Methods: A randomized, open-label, two-treatment, crossover, pharmacokinetic study of paracetamol dosed orally
and intramuscularly was conducted. Twenty-one adult patients with uncomplicated falciparum malaria were randomized
to receive a single 600 mg dose of paracetamol either as syrup or intramuscular injection on day 0 followed
by a single dose administered by the alternative route on day 1. Paracetamol plasma concentrations were quantified
frequently and modelled simultaneously using nonlinear mixed-effects modelling. The final population pharmacokinetic
model was used for dose optimization simulations.

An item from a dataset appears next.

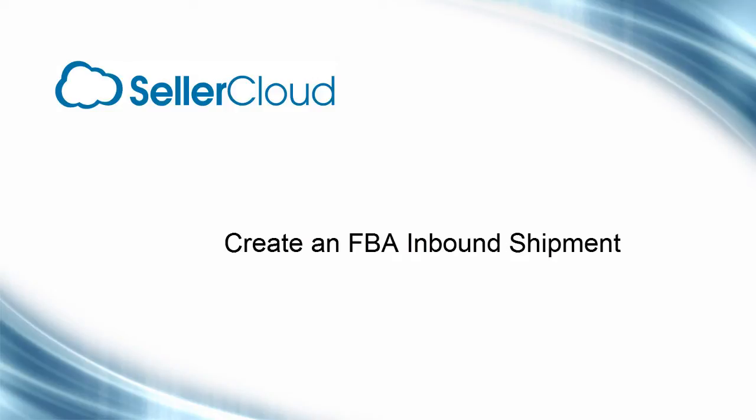In this tutorial, we will go through the process of creating an FBA inbound shipment to ship items to an Amazon Fulfillment Center.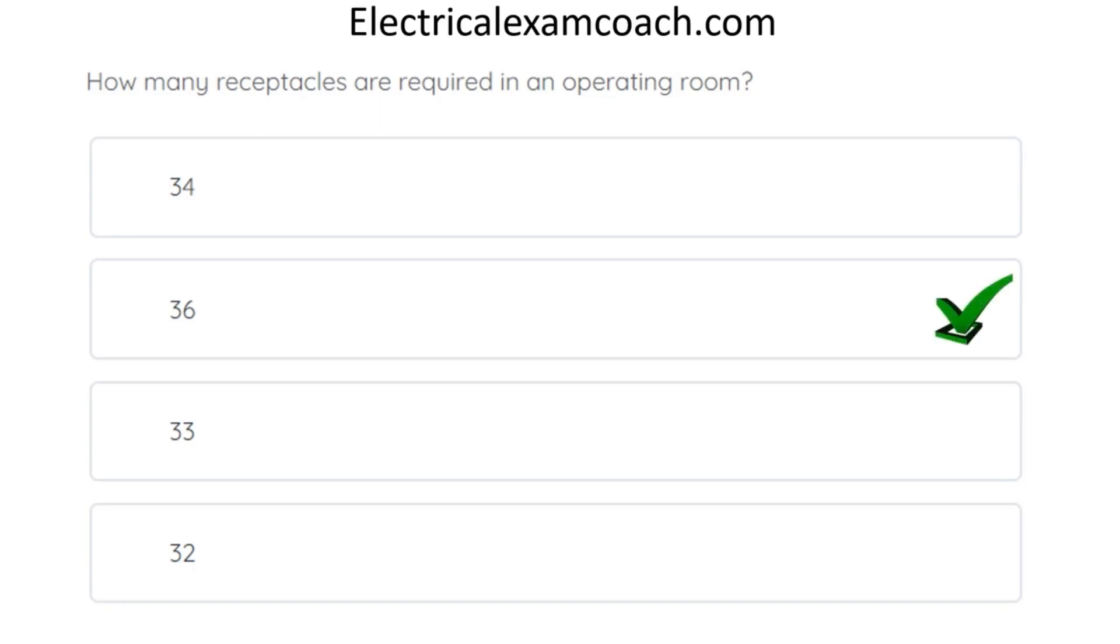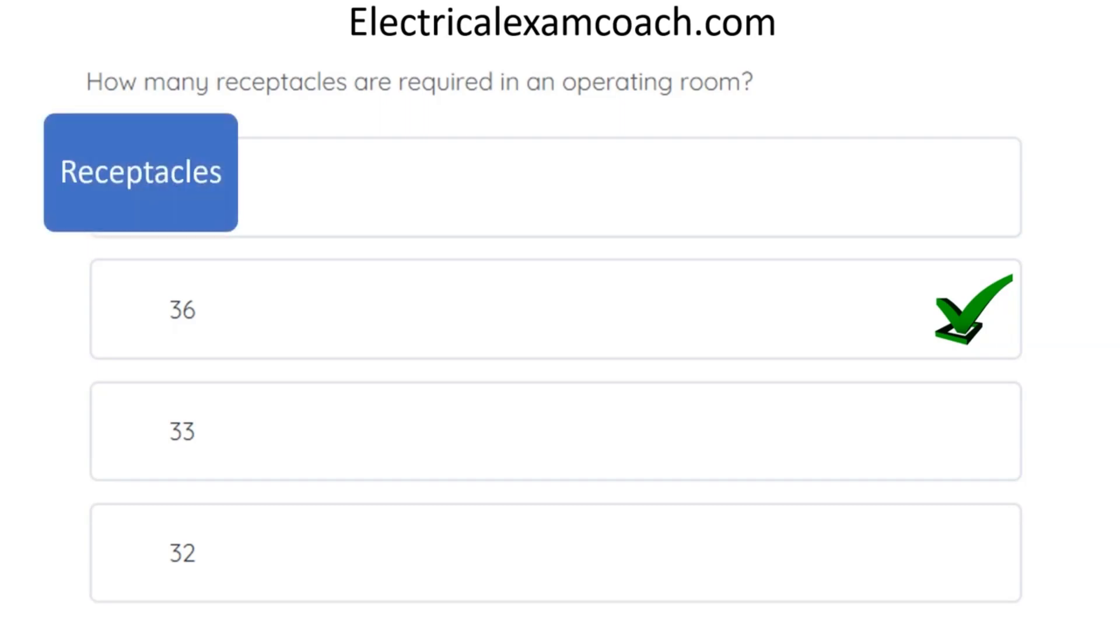So in order to find this one, we're going to use our keyword and index process. So what are we talking about here? We're talking about receptacles. So let's head to R in the index.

Relationships between paracetamol concentrations with
temperature and parasite half-life were investigated using linear and non-linear regression analyses.

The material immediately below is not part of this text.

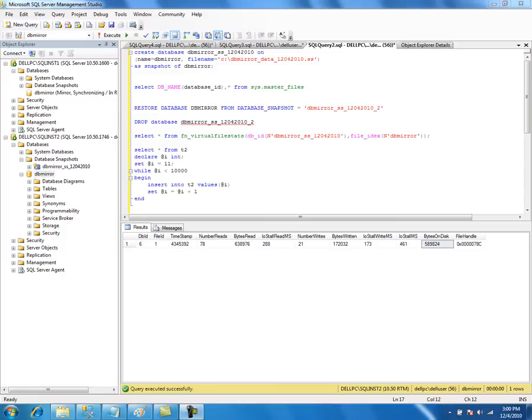There are few restrictions when reverting a source database to a snapshot. You cannot revert if the source database has read-only or compressed file groups, and you cannot revert if file groups are currently offline or if some files don't exist. Also, you have to remove all other snapshots before reverting to a particular snapshot. These are the few restrictions before we revert the source database to a snapshot.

Results: The population pharmacokinetic properties of paracetamol were best described by a two-compartment
disposition model, with zero-order and first-order absorption for intramuscular and oral syrup administration, respectively.
The relative bioavailability of oral syrup was 84.4 % (95 % CI 68.2–95.1 %) compared to intramuscular administration.

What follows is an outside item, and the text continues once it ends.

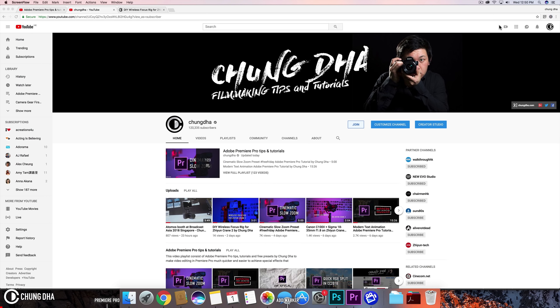Hey filmmaker, Chung Dha here. In this video we're going to teach you how to add time markers inside of your video.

Dosing simulations showed that 1000 mg of intramuscular or oral syrup administered six-hourly reached therapeutic
steady state concentrations for antipyresis, but more favourable concentration–time profiles were achieved
with a loading dose of 1500 mg, followed by a 1000 mg maintenance dose. This ensured that maximum therapeutic
concentrations were reached rapidly during the first 6 h. No significant relationships between paracetamol concentrations
and temperature or parasite half-life were found.
Conclusions: Paracetamol plasma concentrations after oral syrup and intramuscular administration in patients with
acute falciparum malaria were described successfully by a two-compartment disposition model. Relative oral bioavailability
compared to intramuscular dosing was estimated as 84.4 % (95 % CI 68.2–95.1 %). Dosing simulations showed
that a loading dose followed by six-hourly dosing intervals reduced the time delay to reach therapeutic drug levels
after both routes of administration. The safety and efficacy of loading dose paracetamol antipyretic regimens now
needs to be established in larger studies.